Feliciano “inspecionando” exposições de arte é o alçapão no fundo do poço. Por Nathalí Macedo

Atualizado em 15 de setembro de 2017 às 15:35
Intelectual

É triste constatar, mas o Brasil é uma piada a cada dia mais ridícula.

Depois de os meninos do Movimento Brasil Livre (Kim Catupiry e cia) barrarem uma exposição (?) com base no argumento de que não se tratava de arte, pois fazia alusão à pedofilia e zoofilia (???), foi a vez do pastor Marco Feliciano inspecionar uma exposição no Museu Nacional a fim de certificar-se de que nela não havia nenhuma doutrinação comunista imoral.

Risos.

“Estivemos no Museu Nacional. Fomos averiguar uma denúncia de que a exposição era semelhante a do Santander. Não fizemos nada além de observar e confirmar que a informação era falsa. Não havia apologia a crime nenhum”, disse.

Feliciano, acusado de estupro, que não entende nada de arte ou de moral – do que o Feliciano entende, pelo amor da deusa? – agora inspeciona a moralidade das exposições de arte.

Pronto, a piada era essa.

Apesar de jovem, trabalho com arte há uns bons anos. Quase uma década, para ser específica. Trabalhei com teatro, música, roteiro, cinema, literatura e sou mestranda em artes. Nem eu nem os meus professores mais renomados e competentes sabemos ao certo o que é arte e o que não é arte: não por incompetência, mas porque esta não é uma discussão simples.
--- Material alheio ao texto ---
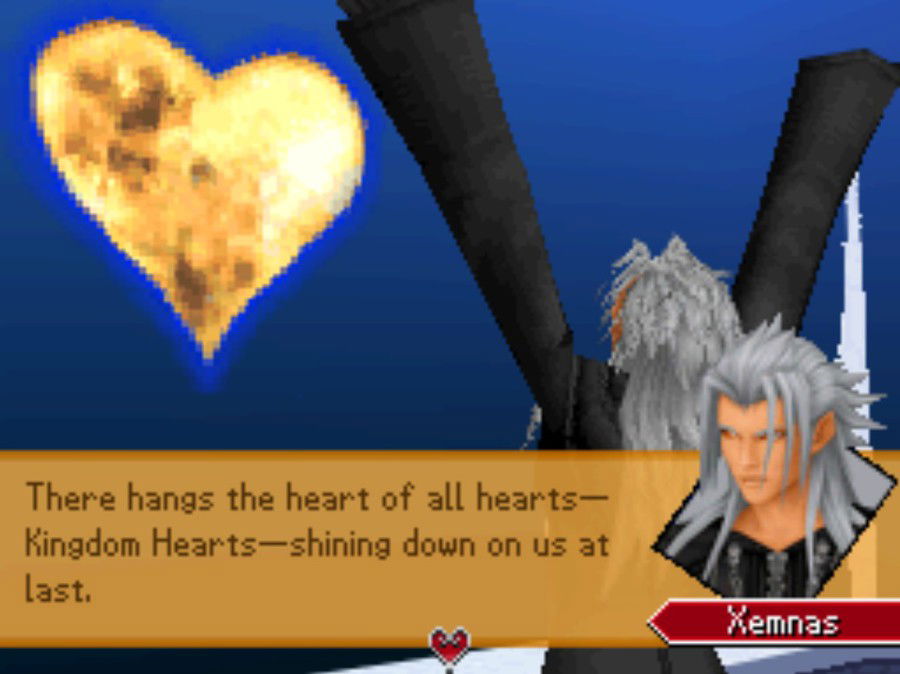 Kingdom Heart’s physical form is this huge heart-shaped moon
Nunca, na história da arte universal, houve um consenso. Isso porque não conhecíamos o MBL e o Feliciano: agora, finalmente, eis que o maior dilema entre os artistas e teóricos de arte foi resolvido em um instante.

A direita brasileira, do alto de seu pedestal de moralidade, acha – por delírio – que pode determinar o que é e o que não é arte. Se há um subsolo no fundo do poço, estamos lá.
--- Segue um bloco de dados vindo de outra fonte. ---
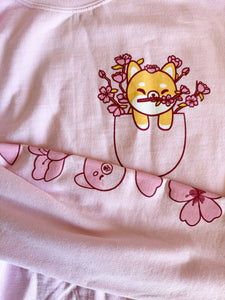 Cherry Blossom Pocket Shiba Sweatshirt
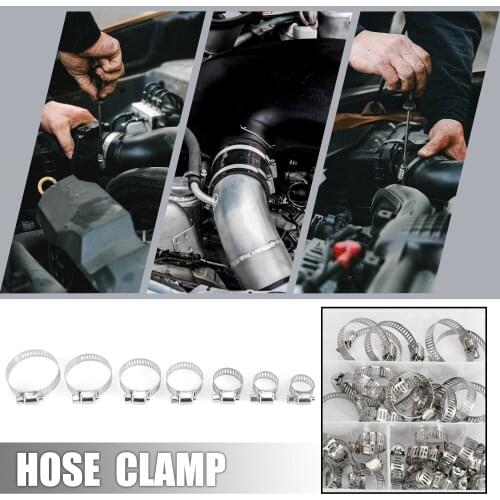Uxcell 60 Pcs Car Hose Clamp Assortment Stainless Steel Adjustable Fuel Clamp 8 to 38mm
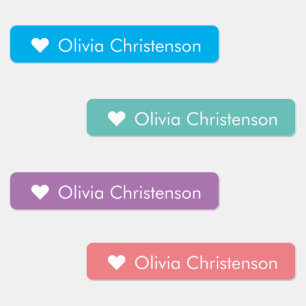 Cute Pastel Heart Name Skinny Kids' Labels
Mesmo com poucas certezas – nota: quanto menos certezas, mais lucidez -, trago uma comigo e não abro mão: a arte é amoral.
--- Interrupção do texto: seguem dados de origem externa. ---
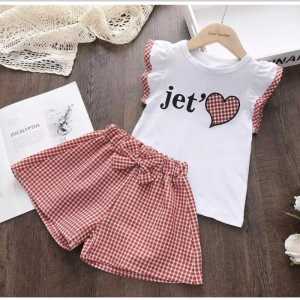 SET RUFFLE TARTAN COMBINASI ANAK PEREMPUAN / SETELAN ANAK JET LOVE 1-4 TAHUN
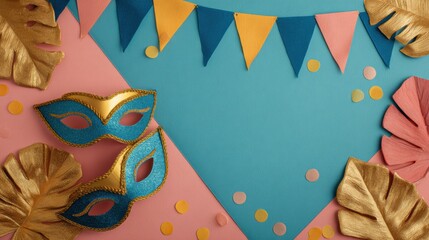 Naklejka premium Vibrant Purim Festival Banner With Colorful Decorations for Celebration and Community Gatherings in Joyful Atmosphere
Toda arte carregada de moralidade deixa de ser arte, e isso é tão óbvio que dispensa argumentos.

Não sabemos o que é arte – é um conceito abstrato demais para ser aprisionado em palavras – mas sabemos o que não o é: produtos culturais comedidos, controlados e censurados deixam de ser arte porque perdem, diria Walter Beinjamim, sua aura.

A essência da obra de arte é dizer aquilo que ainda não foi dito. Aquilo que não querem que seja dito, mas que precisa ser dito. Arte que é arte sempre incomodará porque “eu não posso cantar como convém, sem querer ferir ninguém.”

Sob esta ótica, não há obra de arte possível para uma direita conservadora que não entende picas de arte (ou de moral, ou de política). Paciência.

Vivemos novamente os tempos sombrios da censura conservadora e resistiremos como sempre resistimos: com a arte que incomoda.

Os artistas resistem e os conservadores choram.